8

I have two servers. The first (Main) is the server which has installed the script and database.
The second (Remote) is the server which has uploaded files only (just for storage).

Now I'm confused about how to upload the files, and I have 2 ideas to do that, and I don't know if them the best ways or not.

The ideas:

  1. Upload the file by ajax to the main server first and make all security operations like (check size, type, and so on), then upload again to the second server (remote server).

  2. Upload the file by ajax to the second (remote server) directly, and make all checks and security operations in there, then send the file information to the first server (main) to store the file information into database (Not recommended).

I want to know how behave the big upload sites in store the files that uploaded by users, the idea of how can they upload the files to remote servers ?

Lion King
  • 32,851
  • 25
  • 81
  • 143

1 Answers1

2

Both mechanisms are valid. In fact we tried both of them in two of our products. Each of them comes with their pros and cons.
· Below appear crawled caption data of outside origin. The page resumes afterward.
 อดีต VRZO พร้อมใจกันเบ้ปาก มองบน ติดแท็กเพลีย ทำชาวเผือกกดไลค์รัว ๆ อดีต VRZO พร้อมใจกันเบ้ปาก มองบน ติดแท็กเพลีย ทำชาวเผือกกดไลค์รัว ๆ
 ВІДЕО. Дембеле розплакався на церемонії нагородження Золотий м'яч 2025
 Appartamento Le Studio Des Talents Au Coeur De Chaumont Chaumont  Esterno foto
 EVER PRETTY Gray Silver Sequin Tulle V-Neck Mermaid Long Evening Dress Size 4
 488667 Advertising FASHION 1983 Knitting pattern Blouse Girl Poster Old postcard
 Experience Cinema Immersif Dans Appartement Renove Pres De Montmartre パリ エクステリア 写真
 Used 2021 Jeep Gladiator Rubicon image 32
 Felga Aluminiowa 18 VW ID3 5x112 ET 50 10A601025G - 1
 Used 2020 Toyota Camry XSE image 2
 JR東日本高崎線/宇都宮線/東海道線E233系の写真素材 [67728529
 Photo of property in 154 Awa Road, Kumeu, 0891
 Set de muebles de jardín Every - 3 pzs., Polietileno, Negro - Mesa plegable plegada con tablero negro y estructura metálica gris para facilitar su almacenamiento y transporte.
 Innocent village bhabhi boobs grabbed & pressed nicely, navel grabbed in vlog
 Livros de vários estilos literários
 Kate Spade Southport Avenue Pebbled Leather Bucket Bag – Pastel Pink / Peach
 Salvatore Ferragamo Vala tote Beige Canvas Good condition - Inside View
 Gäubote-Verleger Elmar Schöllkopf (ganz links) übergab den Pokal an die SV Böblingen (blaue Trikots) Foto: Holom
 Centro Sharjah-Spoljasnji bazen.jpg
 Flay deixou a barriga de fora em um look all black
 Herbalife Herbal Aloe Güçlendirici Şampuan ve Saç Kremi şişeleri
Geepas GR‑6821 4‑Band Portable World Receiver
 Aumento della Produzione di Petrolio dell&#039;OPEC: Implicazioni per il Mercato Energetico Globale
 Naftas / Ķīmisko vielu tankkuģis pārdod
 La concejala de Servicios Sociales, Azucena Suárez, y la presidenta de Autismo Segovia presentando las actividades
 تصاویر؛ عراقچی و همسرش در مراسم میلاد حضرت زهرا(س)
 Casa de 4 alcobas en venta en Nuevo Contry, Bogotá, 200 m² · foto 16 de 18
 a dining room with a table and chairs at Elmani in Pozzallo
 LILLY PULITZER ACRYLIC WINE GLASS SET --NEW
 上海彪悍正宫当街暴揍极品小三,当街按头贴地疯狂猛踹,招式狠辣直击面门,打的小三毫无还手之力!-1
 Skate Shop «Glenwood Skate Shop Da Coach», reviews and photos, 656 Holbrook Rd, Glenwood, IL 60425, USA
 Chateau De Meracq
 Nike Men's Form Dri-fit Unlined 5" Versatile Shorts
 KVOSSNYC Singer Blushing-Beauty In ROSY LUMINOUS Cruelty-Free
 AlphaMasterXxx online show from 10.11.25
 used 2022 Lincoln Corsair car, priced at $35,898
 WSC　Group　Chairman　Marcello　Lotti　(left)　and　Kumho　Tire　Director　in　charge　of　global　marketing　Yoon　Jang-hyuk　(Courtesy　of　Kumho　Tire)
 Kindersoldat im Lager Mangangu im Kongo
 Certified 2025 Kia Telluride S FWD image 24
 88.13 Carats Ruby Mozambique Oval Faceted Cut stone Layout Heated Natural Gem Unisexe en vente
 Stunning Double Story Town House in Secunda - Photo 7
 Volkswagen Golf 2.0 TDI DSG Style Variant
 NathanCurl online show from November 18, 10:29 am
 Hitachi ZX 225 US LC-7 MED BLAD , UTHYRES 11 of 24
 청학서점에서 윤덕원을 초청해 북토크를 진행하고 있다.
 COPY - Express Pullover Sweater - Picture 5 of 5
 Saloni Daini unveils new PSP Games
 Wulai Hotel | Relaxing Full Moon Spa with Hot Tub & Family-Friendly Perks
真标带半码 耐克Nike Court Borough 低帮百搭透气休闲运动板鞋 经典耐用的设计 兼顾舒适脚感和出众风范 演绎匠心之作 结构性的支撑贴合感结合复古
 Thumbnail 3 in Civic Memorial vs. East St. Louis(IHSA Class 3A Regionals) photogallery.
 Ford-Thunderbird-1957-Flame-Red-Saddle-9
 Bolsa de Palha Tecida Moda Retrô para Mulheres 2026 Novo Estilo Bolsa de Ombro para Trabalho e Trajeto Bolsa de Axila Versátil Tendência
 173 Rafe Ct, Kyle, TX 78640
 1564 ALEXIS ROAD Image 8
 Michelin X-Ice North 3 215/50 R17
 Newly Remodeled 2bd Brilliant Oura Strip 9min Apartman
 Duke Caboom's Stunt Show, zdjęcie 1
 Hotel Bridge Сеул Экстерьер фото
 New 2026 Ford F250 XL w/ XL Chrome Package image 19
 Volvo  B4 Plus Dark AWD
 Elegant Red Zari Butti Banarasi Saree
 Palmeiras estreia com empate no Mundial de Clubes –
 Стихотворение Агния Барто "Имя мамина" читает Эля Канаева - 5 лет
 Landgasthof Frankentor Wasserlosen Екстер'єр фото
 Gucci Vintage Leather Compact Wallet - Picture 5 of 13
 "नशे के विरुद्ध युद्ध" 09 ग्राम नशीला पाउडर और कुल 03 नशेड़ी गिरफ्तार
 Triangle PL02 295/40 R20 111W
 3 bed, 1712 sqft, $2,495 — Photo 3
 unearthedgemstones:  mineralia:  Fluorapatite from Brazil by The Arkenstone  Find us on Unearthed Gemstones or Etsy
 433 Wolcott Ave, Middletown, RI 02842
Assumption: Main server serves the Web UI. Lets have the two servers named main.com and remote.com.

The main factors that you need to consider are:

  1. Cross-Origin Resource Sharing (CORS): The most straightforward way to check whether this is a big issue is whether you need to support IE <= 9. Legacy IE does not support XHR2 so AJAX file upload is not possible. There are popular fallbacks (e.g. iframe transport) but each comes with their own problems.

  2. Bandwidth: If file is uploaded to main.com first then to remote.com, then the required bandwidth is doubled. Depending whether your servers are behind load-balancers, the requirement will vary. Uploading directly to remote.com uses bandwidth efficiently.

  3. API response time: Unless your API is doing optimistic update, it needs to wait until the file is fully reuploaded to remote.com before it can respond reliably. Also, this depends on the RTT between main.com and remote.com.

  4. Number of API domain: This is a small issue. Web client has to specify which domain to use for which API. However it does relate to CORS issue above.

  5. Performance: If web server is handling file upload, it might have issue with performance when the server is processing large files (or large quantities of file). It might affect other users.

Mechanisms

1. Client uploads to main.com. main.com re-uploads to remote.com

  • CORS: No issue
  • Bandwidth: Double
  • Response time: Double (round trip); normal (optimistic)
  • API domain: One
  • Performance: Might affects web services

2. Client uploads to remote.com. remote.com sends info to main.com

  • CORS: Have issue
  • Bandwidth: Efficient
  • Response time: Efficient
  • API domain: Two
  • Performance: No issue

3. [EXTRA] Client uploads to main.com. main.com streams the file to remote.com. remote.com sends file information back.

  • CORS: No issue
  • Bandwidth: Double
  • Response time: Less than double (streamed)
  • API domain: One
  • Performance: Better than method 1 for its better memory footprint

Conclusion

Depending on your use case, you need to use different mechanism. For our case, we use method 2 (direct upload) for our legacy product because we need to support legacy browsers (IE 7, FF 3). Cross domain issues are stabbing us all the time for many different cases (e.g. when customers are behind proxies, etc.).

We use method 1 for our new product. Bandwidth and response time issues are still okay for normal cases, but when web server and remote server are deployed across continental, the performance is inferior. We have made many optimizations to make it acceptable but it is still worse than method 2.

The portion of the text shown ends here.